Éléments importants exprimés, difficiles en terme de consensus possible, mais qui méritent d’être creusés, réfléchis, de voir mesurer leur portée

  • Une des parties en présence souffre davantage que l’autre, est davantage perdante que l’autre
  • Médias et états occidentaux qui favoriseraient Israël
  • Forme de méfiance devant les « autorités » sur cette question
  • Quand les Palestiniens auront une terre, ce sera la fin du monde…

Réflexion du professeur sur le dernier élément :

La portée de la dernière remarque est très profonde et interpellante. Faut-il attendre la fin du monde pour que la justice et la paix existent sur terre ?

Les trois religions (par ordre chronologique : Judaïsme, Christianisme, Islam) affirment une telle « espérance » eschatologique : la venue du messie à la fin des temps, le retour de Jésus Christ (de Jésus comme prophète aux yeux des musulmans) à la fin des temps, inaugurera un état de justice et de paix définitives.

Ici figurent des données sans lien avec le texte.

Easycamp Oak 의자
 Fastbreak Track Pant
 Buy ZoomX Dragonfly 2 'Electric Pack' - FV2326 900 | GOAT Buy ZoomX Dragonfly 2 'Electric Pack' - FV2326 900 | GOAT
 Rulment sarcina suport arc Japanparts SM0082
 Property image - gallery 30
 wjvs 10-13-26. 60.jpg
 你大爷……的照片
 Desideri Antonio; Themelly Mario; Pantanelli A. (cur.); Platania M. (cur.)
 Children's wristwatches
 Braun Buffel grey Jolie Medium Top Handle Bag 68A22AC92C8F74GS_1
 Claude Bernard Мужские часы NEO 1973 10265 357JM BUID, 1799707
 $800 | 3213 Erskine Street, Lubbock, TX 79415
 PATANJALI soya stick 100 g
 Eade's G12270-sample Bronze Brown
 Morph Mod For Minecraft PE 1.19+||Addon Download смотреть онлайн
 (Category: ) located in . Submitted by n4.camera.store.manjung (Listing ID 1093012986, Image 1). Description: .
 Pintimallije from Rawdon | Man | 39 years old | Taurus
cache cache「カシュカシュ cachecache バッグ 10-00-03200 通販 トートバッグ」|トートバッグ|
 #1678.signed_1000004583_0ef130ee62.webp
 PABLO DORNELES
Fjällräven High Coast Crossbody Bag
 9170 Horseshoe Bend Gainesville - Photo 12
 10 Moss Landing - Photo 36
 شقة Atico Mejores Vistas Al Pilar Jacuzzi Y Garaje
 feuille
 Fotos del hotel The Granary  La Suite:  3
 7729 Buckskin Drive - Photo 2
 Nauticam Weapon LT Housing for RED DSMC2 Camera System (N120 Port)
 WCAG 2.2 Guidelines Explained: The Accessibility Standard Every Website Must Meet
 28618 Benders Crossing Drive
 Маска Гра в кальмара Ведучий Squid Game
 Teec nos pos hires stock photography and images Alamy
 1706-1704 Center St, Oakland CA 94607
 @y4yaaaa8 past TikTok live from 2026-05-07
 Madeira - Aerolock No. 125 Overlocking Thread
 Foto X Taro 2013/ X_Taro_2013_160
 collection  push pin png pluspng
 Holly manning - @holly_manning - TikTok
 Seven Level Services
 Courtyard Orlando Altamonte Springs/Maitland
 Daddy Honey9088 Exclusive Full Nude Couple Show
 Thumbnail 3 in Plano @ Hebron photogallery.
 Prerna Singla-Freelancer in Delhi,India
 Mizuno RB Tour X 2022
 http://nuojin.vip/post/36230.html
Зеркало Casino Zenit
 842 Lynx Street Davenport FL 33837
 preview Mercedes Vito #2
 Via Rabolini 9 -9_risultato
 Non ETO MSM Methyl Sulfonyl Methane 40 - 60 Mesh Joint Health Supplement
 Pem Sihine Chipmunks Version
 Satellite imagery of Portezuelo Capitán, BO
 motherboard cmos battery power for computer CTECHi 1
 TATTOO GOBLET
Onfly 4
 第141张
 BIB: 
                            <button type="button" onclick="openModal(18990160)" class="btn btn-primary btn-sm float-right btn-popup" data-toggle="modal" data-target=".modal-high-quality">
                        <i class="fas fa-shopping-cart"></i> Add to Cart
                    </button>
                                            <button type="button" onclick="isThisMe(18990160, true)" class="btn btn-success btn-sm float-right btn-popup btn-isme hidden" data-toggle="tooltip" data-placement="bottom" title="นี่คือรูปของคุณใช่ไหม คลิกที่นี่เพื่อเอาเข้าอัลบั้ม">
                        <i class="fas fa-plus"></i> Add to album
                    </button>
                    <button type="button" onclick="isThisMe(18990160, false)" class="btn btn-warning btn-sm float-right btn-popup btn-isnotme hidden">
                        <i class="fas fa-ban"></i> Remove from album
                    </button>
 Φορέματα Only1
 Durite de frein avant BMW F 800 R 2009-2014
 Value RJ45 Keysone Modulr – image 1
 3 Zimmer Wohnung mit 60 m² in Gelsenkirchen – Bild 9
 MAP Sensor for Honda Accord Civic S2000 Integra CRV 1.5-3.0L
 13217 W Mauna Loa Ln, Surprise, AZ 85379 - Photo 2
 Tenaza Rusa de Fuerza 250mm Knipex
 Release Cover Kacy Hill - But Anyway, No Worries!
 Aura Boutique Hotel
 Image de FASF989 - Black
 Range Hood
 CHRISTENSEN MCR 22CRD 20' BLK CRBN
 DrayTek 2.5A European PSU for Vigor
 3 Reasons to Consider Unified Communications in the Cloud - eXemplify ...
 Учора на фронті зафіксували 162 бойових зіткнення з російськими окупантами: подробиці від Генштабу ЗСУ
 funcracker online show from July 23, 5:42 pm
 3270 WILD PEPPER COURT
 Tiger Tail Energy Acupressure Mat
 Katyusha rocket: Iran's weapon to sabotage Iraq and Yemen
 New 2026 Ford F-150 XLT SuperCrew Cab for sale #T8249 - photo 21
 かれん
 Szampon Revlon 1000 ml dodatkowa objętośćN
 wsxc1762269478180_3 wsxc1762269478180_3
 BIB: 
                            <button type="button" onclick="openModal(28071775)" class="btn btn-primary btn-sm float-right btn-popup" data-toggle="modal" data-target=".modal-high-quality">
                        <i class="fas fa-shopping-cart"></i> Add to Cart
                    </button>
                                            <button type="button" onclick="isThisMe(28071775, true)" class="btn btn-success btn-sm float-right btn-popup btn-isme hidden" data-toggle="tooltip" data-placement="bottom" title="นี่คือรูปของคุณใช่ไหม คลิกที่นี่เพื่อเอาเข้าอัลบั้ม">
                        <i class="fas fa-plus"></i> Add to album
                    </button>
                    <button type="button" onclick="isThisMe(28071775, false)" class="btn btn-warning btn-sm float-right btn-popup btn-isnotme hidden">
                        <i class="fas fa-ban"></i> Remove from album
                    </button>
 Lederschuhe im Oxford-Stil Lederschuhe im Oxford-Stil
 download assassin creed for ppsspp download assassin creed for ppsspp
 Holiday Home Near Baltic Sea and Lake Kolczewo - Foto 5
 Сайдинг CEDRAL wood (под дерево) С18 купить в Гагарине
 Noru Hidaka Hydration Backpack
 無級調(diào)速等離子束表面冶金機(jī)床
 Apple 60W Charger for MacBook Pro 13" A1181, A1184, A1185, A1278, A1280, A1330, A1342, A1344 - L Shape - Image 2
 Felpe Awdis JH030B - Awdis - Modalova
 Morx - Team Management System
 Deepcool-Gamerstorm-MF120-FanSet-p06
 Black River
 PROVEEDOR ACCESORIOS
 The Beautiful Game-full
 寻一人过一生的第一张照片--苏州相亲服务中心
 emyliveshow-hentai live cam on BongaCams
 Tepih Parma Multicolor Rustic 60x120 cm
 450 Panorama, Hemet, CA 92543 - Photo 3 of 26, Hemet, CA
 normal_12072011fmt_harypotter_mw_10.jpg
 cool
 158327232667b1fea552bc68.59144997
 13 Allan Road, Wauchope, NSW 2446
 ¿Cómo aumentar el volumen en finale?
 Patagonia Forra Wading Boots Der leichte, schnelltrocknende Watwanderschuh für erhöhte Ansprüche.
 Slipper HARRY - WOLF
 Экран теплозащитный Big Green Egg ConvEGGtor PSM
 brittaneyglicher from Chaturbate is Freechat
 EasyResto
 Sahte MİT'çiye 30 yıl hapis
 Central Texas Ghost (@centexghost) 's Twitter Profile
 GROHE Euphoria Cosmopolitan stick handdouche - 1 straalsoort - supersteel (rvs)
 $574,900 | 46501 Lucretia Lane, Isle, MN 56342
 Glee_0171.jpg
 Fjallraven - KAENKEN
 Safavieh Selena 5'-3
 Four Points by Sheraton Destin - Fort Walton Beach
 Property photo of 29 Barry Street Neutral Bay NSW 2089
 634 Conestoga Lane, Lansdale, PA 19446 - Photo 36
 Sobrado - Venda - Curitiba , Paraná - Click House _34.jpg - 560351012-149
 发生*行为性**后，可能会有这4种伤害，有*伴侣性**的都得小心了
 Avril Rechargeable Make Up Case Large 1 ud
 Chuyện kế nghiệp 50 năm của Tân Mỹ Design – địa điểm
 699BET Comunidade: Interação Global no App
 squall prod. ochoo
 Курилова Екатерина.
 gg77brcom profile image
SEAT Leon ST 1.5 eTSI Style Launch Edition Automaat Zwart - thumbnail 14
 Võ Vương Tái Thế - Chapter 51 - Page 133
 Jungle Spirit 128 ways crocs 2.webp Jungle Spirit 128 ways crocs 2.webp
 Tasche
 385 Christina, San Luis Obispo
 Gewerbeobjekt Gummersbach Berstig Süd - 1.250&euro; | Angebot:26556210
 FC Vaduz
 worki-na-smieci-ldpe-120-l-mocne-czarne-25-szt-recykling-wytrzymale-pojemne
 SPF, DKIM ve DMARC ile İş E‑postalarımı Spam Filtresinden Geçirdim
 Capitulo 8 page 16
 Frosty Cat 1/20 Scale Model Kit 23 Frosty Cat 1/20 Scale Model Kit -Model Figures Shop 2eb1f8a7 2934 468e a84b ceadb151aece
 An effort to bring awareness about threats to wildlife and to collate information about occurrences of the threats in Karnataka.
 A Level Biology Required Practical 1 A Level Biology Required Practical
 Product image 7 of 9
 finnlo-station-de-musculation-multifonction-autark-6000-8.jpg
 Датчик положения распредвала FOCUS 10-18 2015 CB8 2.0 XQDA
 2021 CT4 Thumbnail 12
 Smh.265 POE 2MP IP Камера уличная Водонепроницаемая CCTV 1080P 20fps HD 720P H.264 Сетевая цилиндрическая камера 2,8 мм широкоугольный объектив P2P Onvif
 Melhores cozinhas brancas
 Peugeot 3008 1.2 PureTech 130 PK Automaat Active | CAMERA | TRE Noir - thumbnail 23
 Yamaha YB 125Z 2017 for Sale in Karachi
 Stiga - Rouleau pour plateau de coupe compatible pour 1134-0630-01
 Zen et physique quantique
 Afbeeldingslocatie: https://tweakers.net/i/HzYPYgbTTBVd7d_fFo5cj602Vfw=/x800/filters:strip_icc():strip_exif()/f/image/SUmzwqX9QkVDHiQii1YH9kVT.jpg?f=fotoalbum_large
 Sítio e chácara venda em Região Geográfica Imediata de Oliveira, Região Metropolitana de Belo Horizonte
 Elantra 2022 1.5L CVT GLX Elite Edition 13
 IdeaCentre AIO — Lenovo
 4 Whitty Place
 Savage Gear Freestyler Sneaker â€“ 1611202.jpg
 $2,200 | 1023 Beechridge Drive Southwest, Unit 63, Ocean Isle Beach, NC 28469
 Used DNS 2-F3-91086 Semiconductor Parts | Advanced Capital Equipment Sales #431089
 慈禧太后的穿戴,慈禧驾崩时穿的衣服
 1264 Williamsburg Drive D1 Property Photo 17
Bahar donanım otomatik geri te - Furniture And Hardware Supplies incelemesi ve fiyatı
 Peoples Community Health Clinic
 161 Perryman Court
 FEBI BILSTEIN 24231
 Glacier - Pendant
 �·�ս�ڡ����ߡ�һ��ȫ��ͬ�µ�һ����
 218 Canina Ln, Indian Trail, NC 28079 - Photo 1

Le philosophe Emmanuel Lévinas, dans la préface de son livre Totalité et infini, réfléchit sur la guerre. Pour lui, la guerre met en échec la morale et apparaît comme un trait inéluctable de l’existence humaine – et la guerre peut embarquer vers le pire chaque humain (comme bourreau ou comme victime).

Mais, à cette perspective désespérante, le « prophète » oppose l’espérance en une justice et une paix, à la fin des temps, paix et justice finales à laquelle il est de la responsabilité de chacun et de chaque groupe humain de déjà se relier activement ici et maintenant.

C’est par rapport à cette promesse de paix et de justice que chaque humain est jugé, que sa responsabilité est engagée ici et maintenant.

Vocabulaire :

« eschatologie » : du grec « eschaton » (« dernier ») et « logos » (« discours, paroles »). L’eschatologie, c’est ce que l’on pense et dit sur la « fin des temps », la destinée finale de l’humanité.